◆ **Information supplied**:
--- START ---

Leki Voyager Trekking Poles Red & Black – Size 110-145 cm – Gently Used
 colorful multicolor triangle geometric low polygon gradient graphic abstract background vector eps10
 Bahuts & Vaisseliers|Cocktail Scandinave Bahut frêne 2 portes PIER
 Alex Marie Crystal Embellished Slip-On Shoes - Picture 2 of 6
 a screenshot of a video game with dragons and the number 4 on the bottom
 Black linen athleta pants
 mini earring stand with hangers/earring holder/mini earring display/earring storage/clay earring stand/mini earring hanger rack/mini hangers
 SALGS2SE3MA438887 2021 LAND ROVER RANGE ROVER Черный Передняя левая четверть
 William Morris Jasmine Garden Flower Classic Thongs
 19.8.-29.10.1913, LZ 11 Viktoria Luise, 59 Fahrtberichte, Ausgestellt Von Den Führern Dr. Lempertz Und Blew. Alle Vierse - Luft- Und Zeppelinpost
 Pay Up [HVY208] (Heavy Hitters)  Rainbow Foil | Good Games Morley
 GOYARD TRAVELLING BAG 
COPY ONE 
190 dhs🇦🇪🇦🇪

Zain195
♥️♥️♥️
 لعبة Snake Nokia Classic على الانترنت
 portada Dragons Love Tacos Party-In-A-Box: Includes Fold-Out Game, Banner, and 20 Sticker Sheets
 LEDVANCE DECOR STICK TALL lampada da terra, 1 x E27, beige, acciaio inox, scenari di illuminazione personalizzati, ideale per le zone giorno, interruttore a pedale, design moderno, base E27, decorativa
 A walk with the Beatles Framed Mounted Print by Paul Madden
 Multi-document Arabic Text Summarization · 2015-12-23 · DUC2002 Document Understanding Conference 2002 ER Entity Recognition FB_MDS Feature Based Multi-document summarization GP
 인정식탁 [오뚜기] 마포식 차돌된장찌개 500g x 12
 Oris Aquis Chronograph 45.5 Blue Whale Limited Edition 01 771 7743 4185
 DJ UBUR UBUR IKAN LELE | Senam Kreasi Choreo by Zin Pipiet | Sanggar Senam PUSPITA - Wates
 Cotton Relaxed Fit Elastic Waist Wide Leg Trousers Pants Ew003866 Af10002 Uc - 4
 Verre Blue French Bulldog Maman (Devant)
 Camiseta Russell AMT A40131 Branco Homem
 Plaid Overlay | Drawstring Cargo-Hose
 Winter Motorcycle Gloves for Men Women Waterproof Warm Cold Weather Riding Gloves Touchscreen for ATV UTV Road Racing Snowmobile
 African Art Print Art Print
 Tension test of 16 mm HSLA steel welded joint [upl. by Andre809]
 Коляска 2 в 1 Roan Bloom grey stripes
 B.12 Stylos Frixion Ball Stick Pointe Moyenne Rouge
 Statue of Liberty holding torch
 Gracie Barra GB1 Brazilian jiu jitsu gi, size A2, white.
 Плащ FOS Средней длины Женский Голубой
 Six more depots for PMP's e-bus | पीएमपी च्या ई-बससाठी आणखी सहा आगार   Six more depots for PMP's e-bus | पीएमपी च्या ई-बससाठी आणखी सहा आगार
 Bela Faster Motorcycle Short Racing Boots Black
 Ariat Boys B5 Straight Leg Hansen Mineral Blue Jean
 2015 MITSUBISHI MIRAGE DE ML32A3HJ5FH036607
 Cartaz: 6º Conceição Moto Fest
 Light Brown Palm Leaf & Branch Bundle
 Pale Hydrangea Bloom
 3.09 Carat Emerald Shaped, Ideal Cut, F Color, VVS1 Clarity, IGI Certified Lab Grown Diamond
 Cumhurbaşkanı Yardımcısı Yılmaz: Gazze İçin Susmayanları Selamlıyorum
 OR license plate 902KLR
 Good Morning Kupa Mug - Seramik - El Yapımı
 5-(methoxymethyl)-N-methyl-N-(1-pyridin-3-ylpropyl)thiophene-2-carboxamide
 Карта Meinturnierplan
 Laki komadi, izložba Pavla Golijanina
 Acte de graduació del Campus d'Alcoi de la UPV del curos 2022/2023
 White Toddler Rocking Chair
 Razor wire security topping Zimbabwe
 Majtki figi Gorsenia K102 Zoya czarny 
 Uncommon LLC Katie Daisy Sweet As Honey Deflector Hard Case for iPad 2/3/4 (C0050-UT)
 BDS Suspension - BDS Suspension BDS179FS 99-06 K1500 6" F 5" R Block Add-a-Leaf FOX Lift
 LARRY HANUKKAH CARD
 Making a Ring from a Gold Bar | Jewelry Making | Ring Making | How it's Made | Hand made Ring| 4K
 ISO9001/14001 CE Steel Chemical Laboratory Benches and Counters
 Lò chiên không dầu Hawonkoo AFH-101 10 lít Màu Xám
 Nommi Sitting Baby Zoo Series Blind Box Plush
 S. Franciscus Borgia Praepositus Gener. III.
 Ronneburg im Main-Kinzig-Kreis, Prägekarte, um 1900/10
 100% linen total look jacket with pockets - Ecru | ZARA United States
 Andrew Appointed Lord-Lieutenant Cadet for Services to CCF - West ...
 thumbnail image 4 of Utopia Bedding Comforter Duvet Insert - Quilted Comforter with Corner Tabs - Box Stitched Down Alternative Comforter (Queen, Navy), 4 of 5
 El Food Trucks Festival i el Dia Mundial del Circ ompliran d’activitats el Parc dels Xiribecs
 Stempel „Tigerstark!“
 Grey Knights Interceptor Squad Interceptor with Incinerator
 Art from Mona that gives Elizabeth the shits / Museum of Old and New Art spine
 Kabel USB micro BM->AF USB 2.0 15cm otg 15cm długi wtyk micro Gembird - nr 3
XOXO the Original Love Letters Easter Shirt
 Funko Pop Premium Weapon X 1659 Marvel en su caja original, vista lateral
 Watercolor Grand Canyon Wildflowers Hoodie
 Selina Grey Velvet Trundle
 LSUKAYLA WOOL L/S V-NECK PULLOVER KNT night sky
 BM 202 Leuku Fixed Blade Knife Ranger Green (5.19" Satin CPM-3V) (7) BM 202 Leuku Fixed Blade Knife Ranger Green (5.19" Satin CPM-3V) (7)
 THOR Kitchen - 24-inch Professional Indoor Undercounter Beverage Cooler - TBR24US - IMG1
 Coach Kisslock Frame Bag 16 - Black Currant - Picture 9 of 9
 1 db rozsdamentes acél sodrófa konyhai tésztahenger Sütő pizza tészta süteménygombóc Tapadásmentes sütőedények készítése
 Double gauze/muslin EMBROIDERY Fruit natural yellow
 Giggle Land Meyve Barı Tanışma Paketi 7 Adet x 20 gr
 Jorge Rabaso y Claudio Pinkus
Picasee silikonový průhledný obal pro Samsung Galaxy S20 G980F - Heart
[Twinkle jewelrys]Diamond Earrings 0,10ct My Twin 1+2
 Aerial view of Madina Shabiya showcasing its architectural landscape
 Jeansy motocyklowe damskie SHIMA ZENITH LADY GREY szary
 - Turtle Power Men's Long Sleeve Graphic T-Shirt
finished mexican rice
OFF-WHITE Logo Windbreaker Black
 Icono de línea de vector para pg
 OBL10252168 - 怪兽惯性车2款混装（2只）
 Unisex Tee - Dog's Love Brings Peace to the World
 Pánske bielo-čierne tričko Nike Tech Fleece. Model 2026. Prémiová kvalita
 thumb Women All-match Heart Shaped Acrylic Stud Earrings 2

--- END ---

Retype every line of the material exactly.

◆ **Exercise answer**:
Leki Voyager Trekking Poles Red & Black – Size 110-145 cm – Gently Used
 colorful multicolor triangle geometric low polygon gradient graphic abstract background vector eps10
 Bahuts & Vaisseliers|Cocktail Scandinave Bahut frêne 2 portes PIER
 Alex Marie Crystal Embellished Slip-On Shoes - Picture 2 of 6
 a screenshot of a video game with dragons and the number 4 on the bottom
 Black linen athleta pants
 mini earring stand with hangers/earring holder/mini earring display/earring storage/clay earring stand/mini earring hanger rack/mini hangers
 SALGS2SE3MA438887 2021 LAND ROVER RANGE ROVER Черный Передняя левая четверть
 William Morris Jasmine Garden Flower Classic Thongs
 19.8.-29.10.1913, LZ 11 Viktoria Luise, 59 Fahrtberichte, Ausgestellt Von Den Führern Dr. Lempertz Und Blew. Alle Vierse - Luft- Und Zeppelinpost
 Pay Up [HVY208] (Heavy Hitters)  Rainbow Foil | Good Games Morley
 GOYARD TRAVELLING BAG 
COPY ONE 
190 dhs🇦🇪🇦🇪

Zain195
♥️♥️♥️
 لعبة Snake Nokia Classic على الانترنت
 portada Dragons Love Tacos Party-In-A-Box: Includes Fold-Out Game, Banner, and 20 Sticker Sheets
 LEDVANCE DECOR STICK TALL lampada da terra, 1 x E27, beige, acciaio inox, scenari di illuminazione personalizzati, ideale per le zone giorno, interruttore a pedale, design moderno, base E27, decorativa
 A walk with the Beatles Framed Mounted Print by Paul Madden
 Multi-document Arabic Text Summarization · 2015-12-23 · DUC2002 Document Understanding Conference 2002 ER Entity Recognition FB_MDS Feature Based Multi-document summarization GP
 인정식탁 [오뚜기] 마포식 차돌된장찌개 500g x 12
 Oris Aquis Chronograph 45.5 Blue Whale Limited Edition 01 771 7743 4185
 DJ UBUR UBUR IKAN LELE | Senam Kreasi Choreo by Zin Pipiet | Sanggar Senam PUSPITA - Wates
 Cotton Relaxed Fit Elastic Waist Wide Leg Trousers Pants Ew003866 Af10002 Uc - 4
 Verre Blue French Bulldog Maman (Devant)
 Camiseta Russell AMT A40131 Branco Homem
 Plaid Overlay | Drawstring Cargo-Hose
 Winter Motorcycle Gloves for Men Women Waterproof Warm Cold Weather Riding Gloves Touchscreen for ATV UTV Road Racing Snowmobile
 African Art Print Art Print
 Tension test of 16 mm HSLA steel welded joint [upl. by Andre809]
 Коляска 2 в 1 Roan Bloom grey stripes
 B.12 Stylos Frixion Ball Stick Pointe Moyenne Rouge
 Statue of Liberty holding torch
 Gracie Barra GB1 Brazilian jiu jitsu gi, size A2, white.
 Плащ FOS Средней длины Женский Голубой
 Six more depots for PMP's e-bus | पीएमपी च्या ई-बससाठी आणखी सहा आगार   Six more depots for PMP's e-bus | पीएमपी च्या ई-बससाठी आणखी सहा आगार
 Bela Faster Motorcycle Short Racing Boots Black
 Ariat Boys B5 Straight Leg Hansen Mineral Blue Jean
 2015 MITSUBISHI MIRAGE DE ML32A3HJ5FH036607
 Cartaz: 6º Conceição Moto Fest
 Light Brown Palm Leaf & Branch Bundle
 Pale Hydrangea Bloom
 3.09 Carat Emerald Shaped, Ideal Cut, F Color, VVS1 Clarity, IGI Certified Lab Grown Diamond
 Cumhurbaşkanı Yardımcısı Yılmaz: Gazze İçin Susmayanları Selamlıyorum
 OR license plate 902KLR
 Good Morning Kupa Mug - Seramik - El Yapımı
 5-(methoxymethyl)-N-methyl-N-(1-pyridin-3-ylpropyl)thiophene-2-carboxamide
 Карта Meinturnierplan
 Laki komadi, izložba Pavla Golijanina
 Acte de graduació del Campus d'Alcoi de la UPV del curos 2022/2023
 White Toddler Rocking Chair
 Razor wire security topping Zimbabwe
 Majtki figi Gorsenia K102 Zoya czarny 
 Uncommon LLC Katie Daisy Sweet As Honey Deflector Hard Case for iPad 2/3/4 (C0050-UT)
 BDS Suspension - BDS Suspension BDS179FS 99-06 K1500 6" F 5" R Block Add-a-Leaf FOX Lift
 LARRY HANUKKAH CARD
 Making a Ring from a Gold Bar | Jewelry Making | Ring Making | How it's Made | Hand made Ring| 4K
 ISO9001/14001 CE Steel Chemical Laboratory Benches and Counters
 Lò chiên không dầu Hawonkoo AFH-101 10 lít Màu Xám
 Nommi Sitting Baby Zoo Series Blind Box Plush
 S. Franciscus Borgia Praepositus Gener. III.
 Ronneburg im Main-Kinzig-Kreis, Prägekarte, um 1900/10
 100% linen total look jacket with pockets - Ecru | ZARA United States
 Andrew Appointed Lord-Lieutenant Cadet for Services to CCF - West ...
 thumbnail image 4 of Utopia Bedding Comforter Duvet Insert - Quilted Comforter with Corner Tabs - Box Stitched Down Alternative Comforter (Queen, Navy), 4 of 5
 El Food Trucks Festival i el Dia Mundial del Circ ompliran d’activitats el Parc dels Xiribecs
 Stempel „Tigerstark!“
 Grey Knights Interceptor Squad Interceptor with Incinerator
 Art from Mona that gives Elizabeth the shits / Museum of Old and New Art spine
 Kabel USB micro BM->AF USB 2.0 15cm otg 15cm długi wtyk micro Gembird - nr 3
XOXO the Original Love Letters Easter Shirt
 Funko Pop Premium Weapon X 1659 Marvel en su caja original, vista lateral
 Watercolor Grand Canyon Wildflowers Hoodie
 Selina Grey Velvet Trundle
 LSUKAYLA WOOL L/S V-NECK PULLOVER KNT night sky
 BM 202 Leuku Fixed Blade Knife Ranger Green (5.19" Satin CPM-3V) (7) BM 202 Leuku Fixed Blade Knife Ranger Green (5.19" Satin CPM-3V) (7)
 THOR Kitchen - 24-inch Professional Indoor Undercounter Beverage Cooler - TBR24US - IMG1
 Coach Kisslock Frame Bag 16 - Black Currant - Picture 9 of 9
 1 db rozsdamentes acél sodrófa konyhai tésztahenger Sütő pizza tészta süteménygombóc Tapadásmentes sütőedények készítése
 Double gauze/muslin EMBROIDERY Fruit natural yellow
 Giggle Land Meyve Barı Tanışma Paketi 7 Adet x 20 gr
 Jorge Rabaso y Claudio Pinkus
Picasee silikonový průhledný obal pro Samsung Galaxy S20 G980F - Heart
[Twinkle jewelrys]Diamond Earrings 0,10ct My Twin 1+2
 Aerial view of Madina Shabiya showcasing its architectural landscape
 Jeansy motocyklowe damskie SHIMA ZENITH LADY GREY szary
 - Turtle Power Men's Long Sleeve Graphic T-Shirt
finished mexican rice
OFF-WHITE Logo Windbreaker Black
 Icono de línea de vector para pg
 OBL10252168 - 怪兽惯性车2款混装（2只）
 Unisex Tee - Dog's Love Brings Peace to the World
 Pánske bielo-čierne tričko Nike Tech Fleece. Model 2026. Prémiová kvalita
 thumb Women All-match Heart Shaped Acrylic Stud Earrings 2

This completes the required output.